Prep 5 mins
Cook 25 mins
Probably the most significant aspect of this beverage is that it's not made from the Sheep's Sorrel Plant -- this is just a name that it has acquired all over Appalachia, due to the use and misuse of common names of plants. This tea is actually made from the Violet Wood Sorrel plant, Oxalis violacea. In any case, Sheep's Sorrel Tea tastes like the best tropical fruit punch you ever had. I consider it a delicacy and few people have ever tasted it. You can identify the Violet Wood Sorrel plant fairly easily as the leaf looks like a clover-leaf, typically growing in the eastern United States in bunches on dry soils, and the underside of each leaf/leaflet is dark purple in color. If you chew one of the small leaves, it will taste very sour.
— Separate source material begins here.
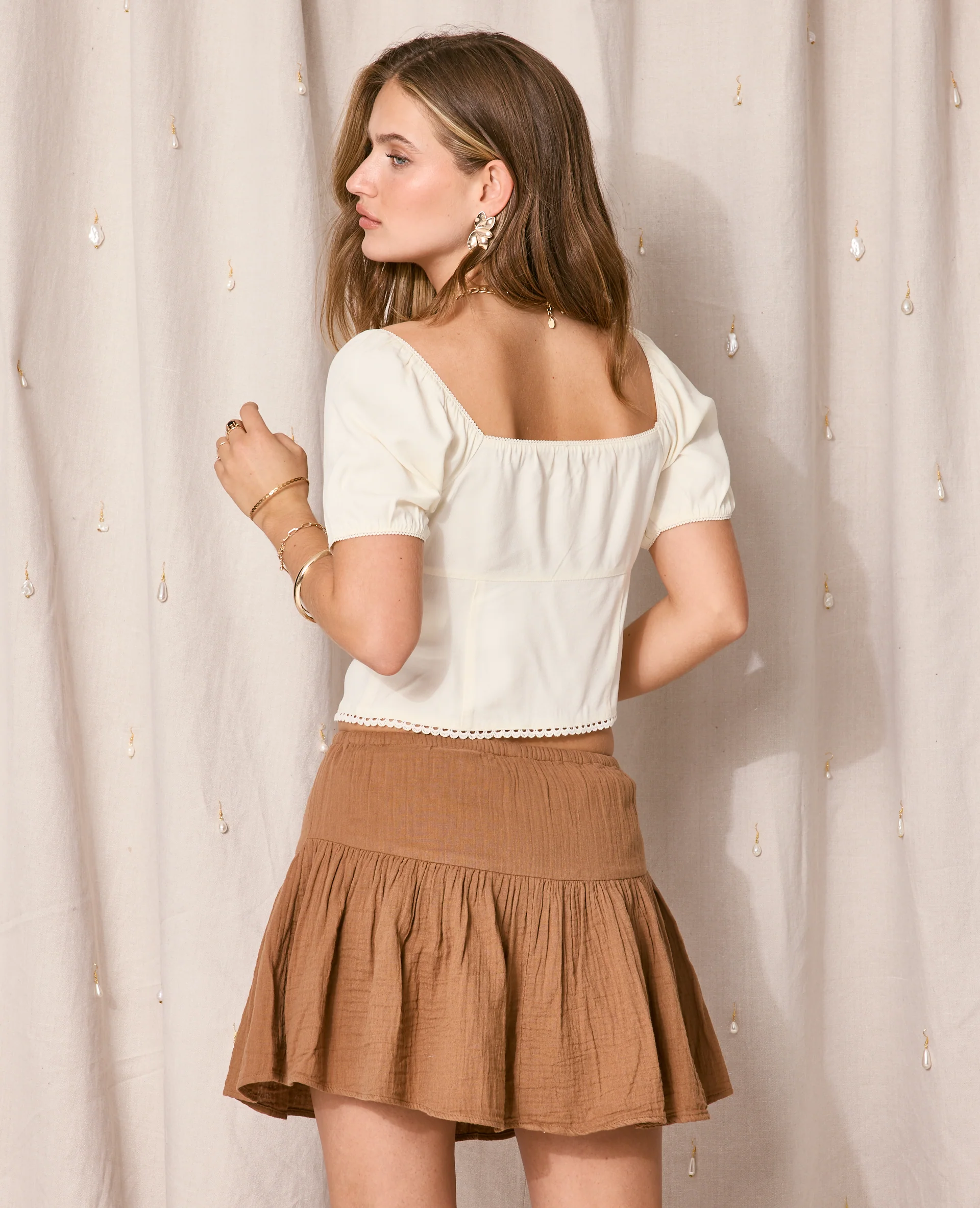 Blouse manches ballons avec finitions croquet - Image 6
My dad, a locally renowned naturalist, taught me how to make this tea, and now, I am sharing it with you folks. I especially like to make this when I'm out camping and when I'm lucky enough to come across a nice crop of Violet Wood Sorrel. It really is a liquid delicacy. Enjoy!
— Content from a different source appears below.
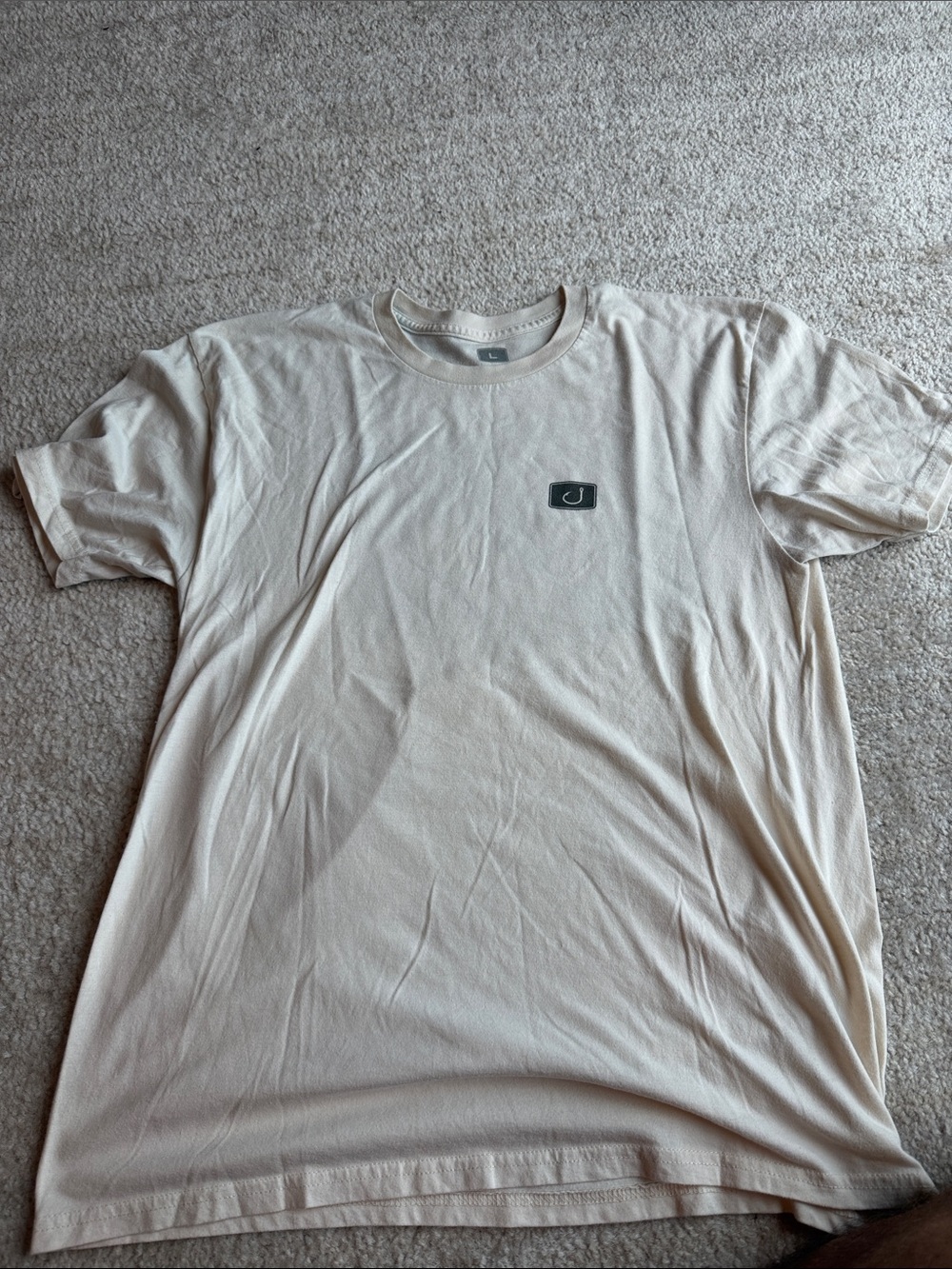 Men's Cream Logo Short Sleeve Crew T-Shirt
- Boil the water in a 3-quart pan. Toss in the Violet Wood Sorrel and allow the blend to boil really hard until the brew turns deep purple in color.
- Strain out all the leaves and stems and return the liquid to a slow boil, dissolving the honey until the desired sweetness is achieved. (Sugar or sorghum molasses can also be used as a sweetener).
- Remove from the heat, pour the liquid into a clean jar and refrigerate until it is very cold.
- Serve ice cold with no ice cubes.
Thanks for sharing this folk recipe and giving a good description of its origins! and how to identify the plant!